Albus levanta las cejas.
—O al contrario... ¿y si me paso? ¿Y si acabo forzándote porque mis necesidades no son las tuyas... y te agobio? ¿Y si una vez lo tengas dominado decides dedicarte a otra cosa?
—Eso no es vergüenza, eso es miedo... —susurra suavemente mirándola a los ojos, preocupado.
—Bueno... también me avergüenza equivocarme y en si todo... el asunto. Que es privado, pero no sé tú que tan privado quieres que sea y los demás... tampoco quieren que lo sea.
A Albus se le oscurece un poco la mirada. Minerva tenía miedo. De él. Y tenía TODA la razón en tenerlo. Se riñe tremendamente a si mismo por intentar que deje de tenerlo. No debía dejar de tenerlo. Aunque seguro era cansado tenerlo y eventualmente se cansaría también. Baja la mirada.
—E-Entiendo.
Ella le mira y empieza a asustarse de verdad con esa respuesta.
—¡No! ¡Albus!
Él aprieta los ojos.
—No lo entiendes, ¡no es un drama!

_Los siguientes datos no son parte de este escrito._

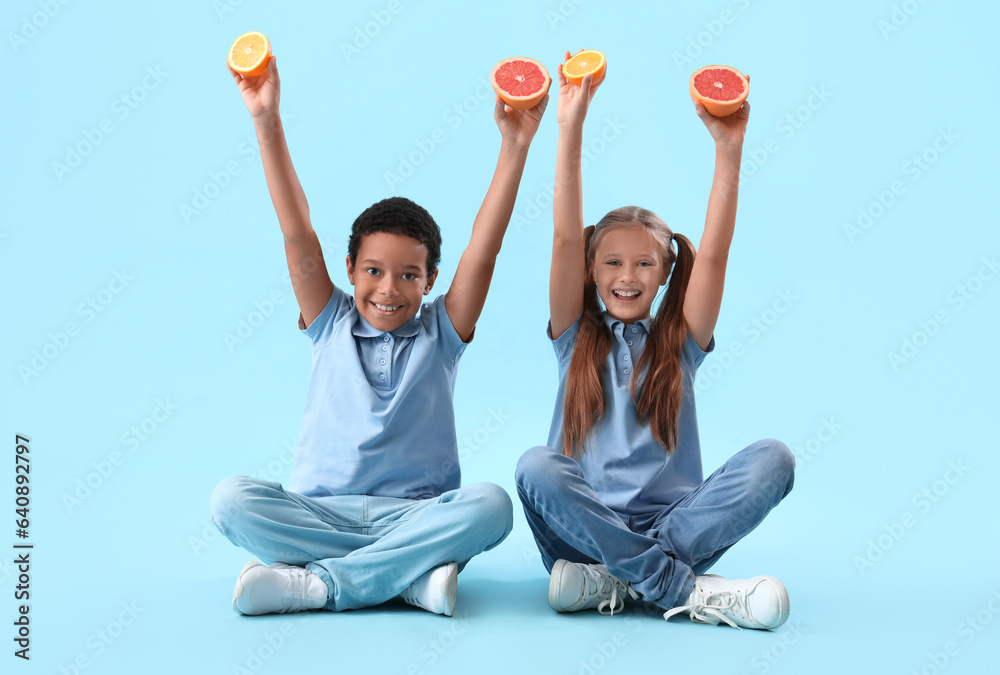 Little children with fresh citruses sitting on blue background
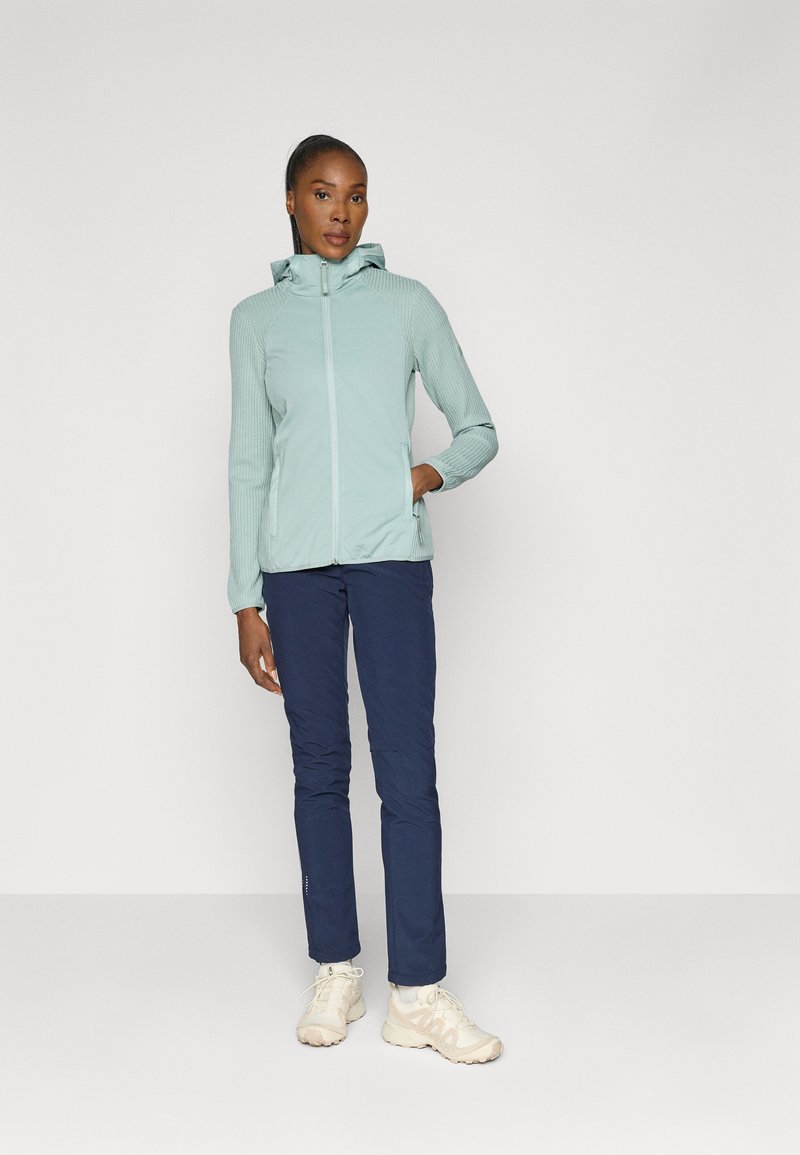 Helle blaue Zip-Jacke mit Kapuze und gerippter Textur, kombiniert mit dunkelblauen Hosen und hellfarbigen Schuhen, vor einem einfarbigen Hintergrund stehend.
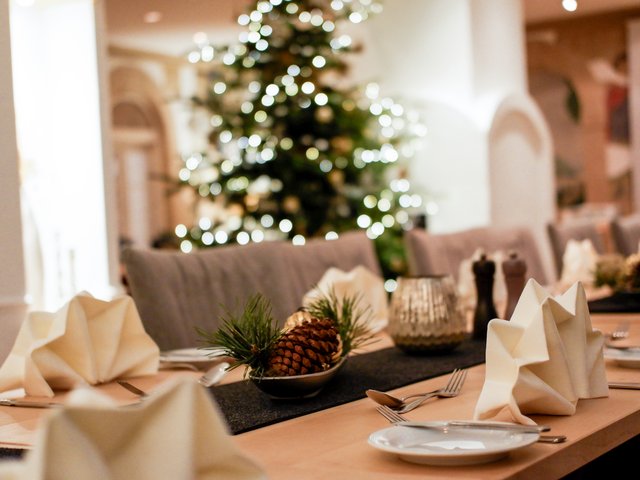 Romantik Hotel Hirschen: Bildergalerie Festlich gedeckter Esstisch mit Weihnachtsbaum und Lichterketten im Hintergrund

Es normal porque... esto me importa y quiero que salga bien. ¡Tal vez no había querido con tanta intensidad que algo saliera bien en mi vida!

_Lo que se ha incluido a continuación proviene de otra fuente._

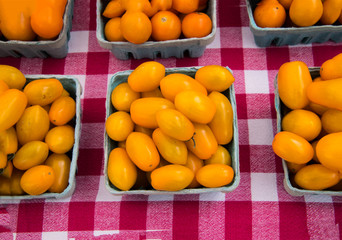 Quart of small fresh yellow tomatoes on a red and white checkered tablecloth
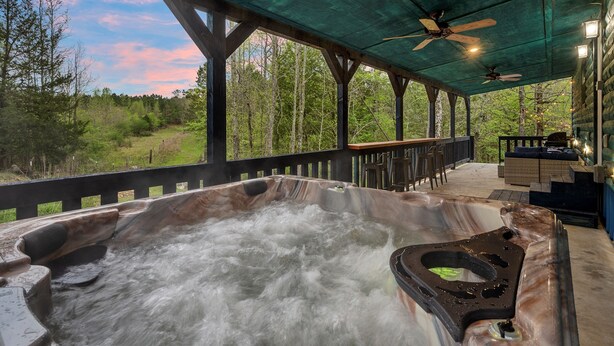 Un bain à remous agrémenté d’une cascade, une terrasse couverte avec des sièges et une vue sur la forêt environnante.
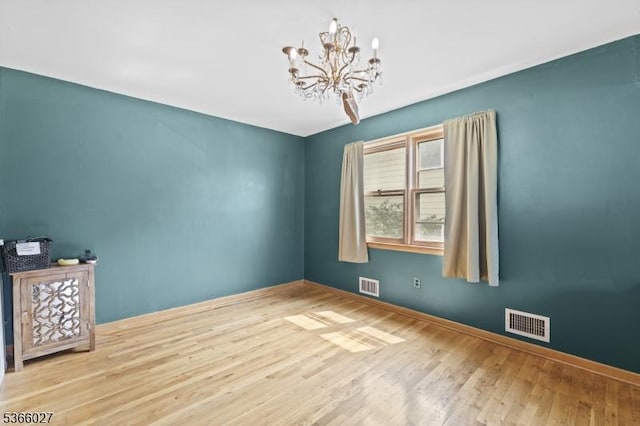132 N 17th St, Prospect Park Boro, NJ 07508 - spare room with wood finished floors and a chandelier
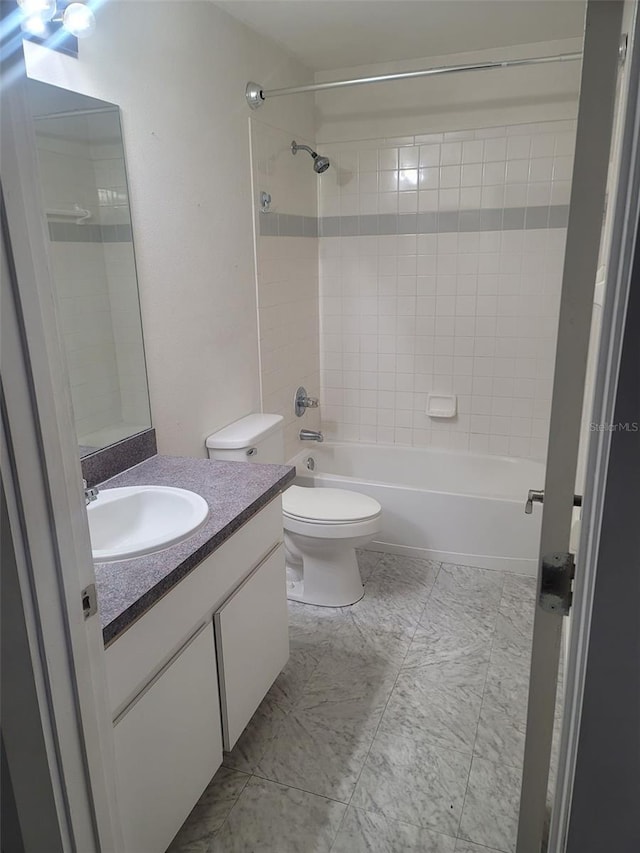 full bathroom featuring tiled shower / bath, vanity, and toilet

Es que la ola de angustia y agobio, por lastimarla como a todos los que quiere...
—¡Albus! —protesta y es que no sabe qué hacer.
Él levanta un brazo y la rodea con el, hundiéndole la nariz en el pelo. Ella le abraza sin poder evitarlo a pesar de que le da vergüenza haber admitido eso. Él le pone una mano en la nuca y le acaricia un poco.
—No quiero lastimarte.
—No lo haces, no lo haces —le acaricia la espalda.
—Sí lo hago... y voy a arreglármelas para hacerlo más.
—¡No!
Sí lo vas a hacer, tanto que va a dejarte y a casarse con Mefis... Albus casi en un ataque de pánico. Le dice Abe por ahí detrás y Gellert está de acuerdo, mientras Minerva entra en pánico también.
Me lo van a hacer llorar o irse un mes. Bésalo Minerva.
Es que no se le ocurre, lo que se le ocurre es llorar ella, creo que por la regla.
Vale, bien jugado. Albus se paraliza al notarlo.
Ella solloza intentando no hacerlo.
La escucha en silencio unos cuantos segundos y lo siguiente que va a sentir ella es esto de estar siendo apachurrada y transportada hasta el cuarto de Albus.
Se aprieta contra él, que se tumba en la cama, de espaldas, sin soltarla.
—Estoy bien, estoy bien—susurra intentando limpiarse los ojos.
—No lo estás y... yo tampoco.
—Sí lo estoy, no pasa nada... ¿Tú porque no lo estás?
—Porque tú no lo estás —le pasa una mano por el pelo.
—Yo sí lo estoy, solo es... lo siento.
—Yo también tengo miedo —susurra y le limpia las mejillas con la mano.
—No lo tengas, está bien.
—No me digas que lo está solo por tranquilizarme. Hay muchas cosas de las que tener miedo y... —toma aire—, te he dicho muchas veces que soy una pésima idea.
—No lo digo por eso, lo digo porque es verdad... solo son los... estrógenos que me ponen sensible.
—Yo no tengo bastante estrógeno y... mírame —le sonríe un poco.
—Aun así... no está pasando nada, de verdad.
Albus estira un poco el cuello y le da un beso... en la frente. Ella suspira intentando calmarse, sintiéndose mejor con ello.
—¿Qué hago, Minerva?
—Por mi, nada, ¿qué necesitas tú?
—¿Nada?
—Estoy bien. ¿Qué necesitas tú?
—Que estés aquí —le sonríe un poco y se sonroja acariciándole los brazos y la espalda
—Estoy aquí.
—Menos mal...—le da otro beso, este considerablemente más cerca del objetivo real.
¿En la frente? ¿En la nariz?
No, este ya es en la mejilla... o en la nariz.
Cielos, ¡va a dárselo ella!
No me extraña. Se acerca lenta y peligrosamente. Ajem. LENTA. Y peligrosamente.
Sobre todo lenta. A lo mejor solo le pone cara de beso.